Scraping 2 Million Substack Articles

What predicts Substack success: pricing, post frequency, word count, and category, from millions of posts and thousands of publications.

Apr 05, 2025

Read this on my blog for the full experience — proper typography, the complete reference list with every paper linked, supplementary deep-dives that go beyond this post, and footnotes that actually work. Much better than Substack.

TL;DR

Frequency > Length: Posting more often (even daily) seems better than writing fewer, longer posts. Consistency in timing isn't key, but volume is.
Price Matters: Higher average subscription prices strongly correlate with higher estimated revenue.
Momentum is Real: A post's likes are overwhelmingly predicted by the average likes of the previous 10 posts (explaining ~86% of the variance!).
Substack Boosts the First Post: Your first post gets a huge boost – make it count.
Paid Post Sweet Spot: Aiming for roughly 50% paid posts appears optimal for maximizing revenue, though the relationship isn't perfectly linear.
Category Counts: Culture, US Politics, and Finance Substacks tend to have higher revenue potential, while Fiction, Philosophy, and Travel lag behind in our model. For individual posts, Comics and Health Politics see the biggest like boosts relative to the baseline (Arts).

Introduction

Substack has exploded, becoming a go-to platform for writers, journalists, and creators looking to build direct relationships with their audience and monetize their work. But with thousands of newsletters vying for attention, what actually separates the breakout hits from the ones that fizzle out?

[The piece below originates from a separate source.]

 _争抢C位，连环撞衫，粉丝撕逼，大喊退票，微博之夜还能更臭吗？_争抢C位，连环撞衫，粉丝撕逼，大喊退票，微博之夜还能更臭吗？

Is it brilliant prose? Niche topics? A relentless posting schedule? Or just plain luck?

As usual, rather than relying on anecdotes, we decided to dive into the data. We scraped information from a vast number of Substack publications and their posts, connecting it with backend data on pricing, subscriber counts (where available), and post statistics. We then built a couple of models to try and decode the patterns behind Substack success:

Predicting Substack Revenue: What publication-level factors (price, age, frequency, category, etc.) correlate with higher estimated earnings?
Predicting Post Likes: What makes an individual post resonate more with readers (length, paid status, timing, category)?

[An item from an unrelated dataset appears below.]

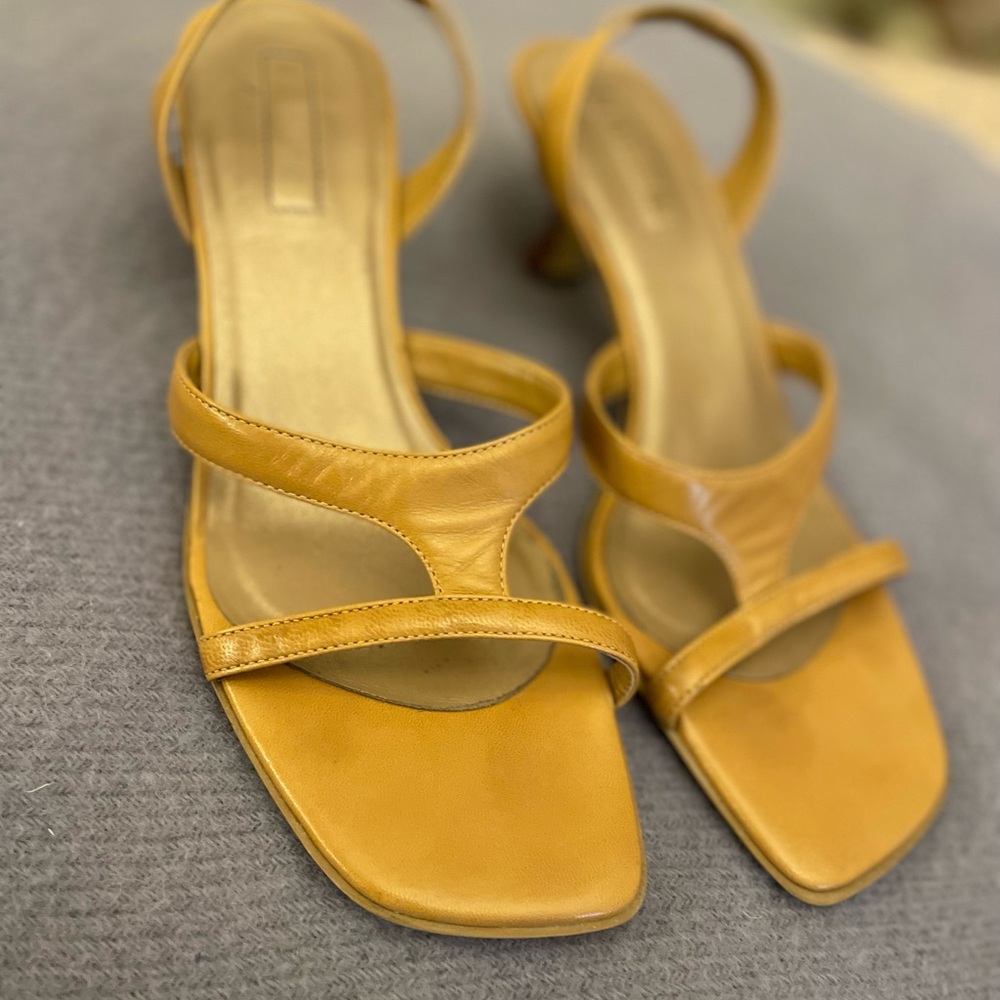 Unisa Tan Women's Heels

Let's see what the numbers tell us.

Method

To tackle this, we gathered data on posts (like counts, word counts, publish dates, paid status) and publications (subscriber estimates, pricing plans, categories, creation dates).

Data Prep: We cleaned the data, converted currencies to USD, calculated average subscription prices, and estimated revenue based on Substack's own "Paid Rank" tiers (e.g., "Thousands of paid subscribers" ~ 1000). We focused only on non-podcast newsletter posts.
Substack Revenue Model: We built a linear regression model predicting the (log-transformed and standardized) lower-bound estimated annual revenue. Predictors included average price, publication age (observation period), average time between posts, variance in time between posts, percentage of paid posts, average word counts (imputed where necessary), average description length, and category.
Post Likes Model: We built another linear regression model, this time predicting the (log-transformed) number of likes (reactions) on a post. Predictors included word count, description length, paid status, category, whether it was the first post, and crucially, the moving average of likes from the previous 10 posts.

We used standard statistical techniques, including log transformations to handle skewed data (like revenue and likes) and imputation for missing values. The goal wasn't perfect prediction but identifying significant drivers.

Results: What Drives Substack Success?

Predicting Which Substacks Earn More

Our model looking at publication-level revenue (Adjusted R-squared: 0.314, r=0.56, meaning it explains about 31.4% of the variance) revealed several significant factors:

Table 1: Price (β=0.47) and posting frequency (β=-0.30 on interval) dominate revenue prediction; word count effects are modest (β≈0.05–0.08).

(Significance codes: 0 '\\\' 0.001 '\\' 0.01 '\' 0.05 '.' 0.1 ' ' 1. Estimates represent change in standardized log-revenue for a one-unit change in the predictor. Categories compared relative to Arts & Entertainment baseline in the full model)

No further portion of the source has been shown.